###                                          **Supply Chain - NLP based Threat Detection**

This model uses the implementation of **BERT from the TensorFlow Models** repository on GitHub at tensorflow/models/official/nlp/bert. It uses L=12 hidden layers (Transformer blocks), a hidden size of H=768, and A=12 attention heads

**Configuration Section**

In [55]:

input_training_master_filepath = 'master_train.csv'
input_training_node_filepath = 'node_train.csv'
input_test_master_filepath = 'master_test.csv'
input_test_node_filepath = 'node_test.csv'

Output_file_path = 'result_submission.csv'

bert_module_url = 'https://tfhub.dev/tensorflow/bert_en_uncased_L-12_H-768_A-12/2' # default path '
   
    

In [56]:
# import libraries

import numpy as np
import pandas as pd
from sklearn.model_selection import train_test_split
from sklearn.metrics import precision_score, recall_score, f1_score
import tensorflow as tf
from tensorflow.keras.layers import Dense, Input
from tensorflow.keras.optimizers import Adam
from tensorflow.keras.models import Model
from tensorflow.keras.callbacks import ModelCheckpoint, Callback
import tensorflow_hub as hub
import tokenization



Helper Function 1 for `BERT Layer`

In [57]:

# Encode text into tokens, masks, and segment flags

def bert_encode(texts, tokenizer, max_len=128):
    all_tokens = []
    all_masks = []
    all_segments = []
    
    for text in texts:
        
        text = tokenizer.tokenize(text)
        
        text = text[:max_len-2]
        input_sequence = ["[CLS]"] + text + ["[SEP]"]
        pad_len = max_len - len(input_sequence)
        
        tokens = tokenizer.convert_tokens_to_ids(input_sequence)
        tokens += [0] * pad_len
        pad_masks = [1] * len(input_sequence) + [0] * pad_len
        segment_ids = [0] * max_len
        
        all_tokens.append(tokens)
        all_masks.append(pad_masks)
        all_segments.append(segment_ids)
    
    return np.array(all_tokens), np.array(all_masks), np.array(all_segments)

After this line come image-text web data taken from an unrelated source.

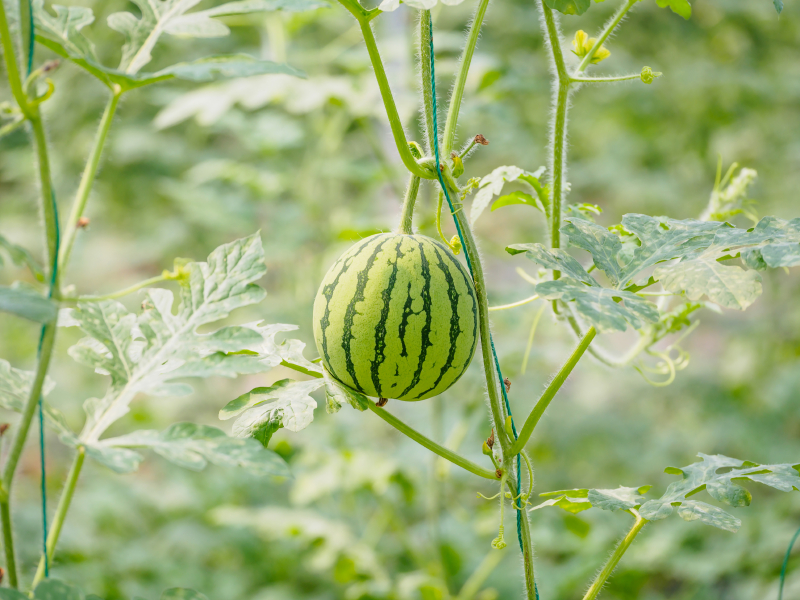 Wassermelone pflanzen im Topf » So gelingt's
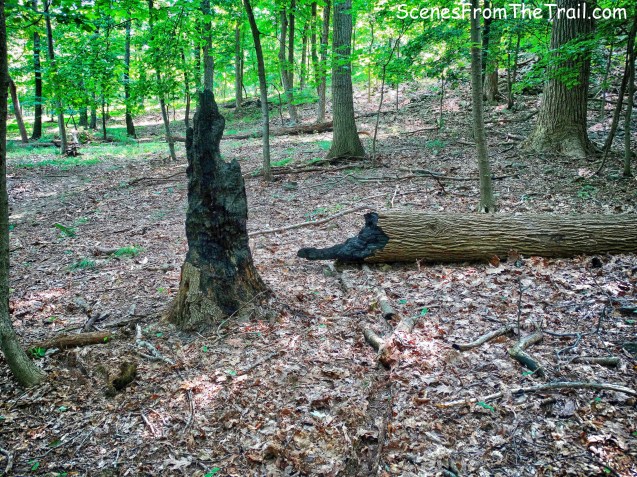 fire damage on unmarked trail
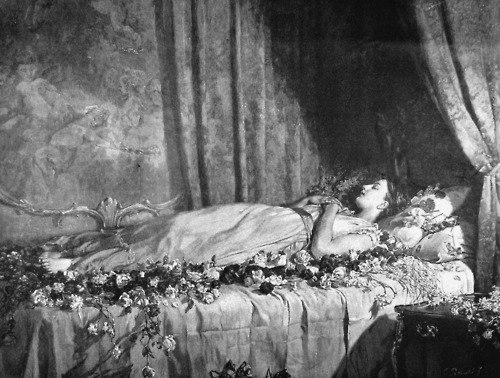 Анна Фомина | 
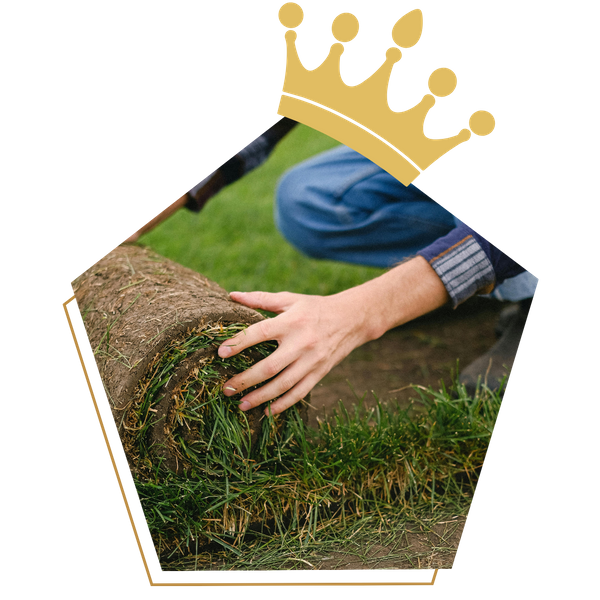 Rolling a strip of sod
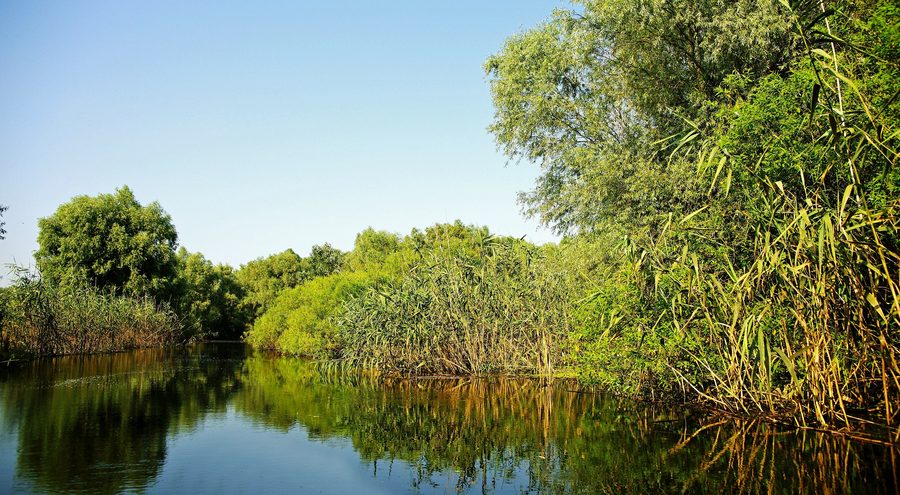 Kanäle im Donaudelta mit Schilfufern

Helper Function 2 for `BERT Layer`

In [58]:

def build_model(bert_layer, max_len=128):
    
    input_word_ids = Input(shape=(max_len,), dtype=tf.int32, name="input_word_ids")
    input_mask = Input(shape=(max_len,), dtype=tf.int32, name="input_mask")
    segment_ids = Input(shape=(max_len,), dtype=tf.int32, name="segment_ids")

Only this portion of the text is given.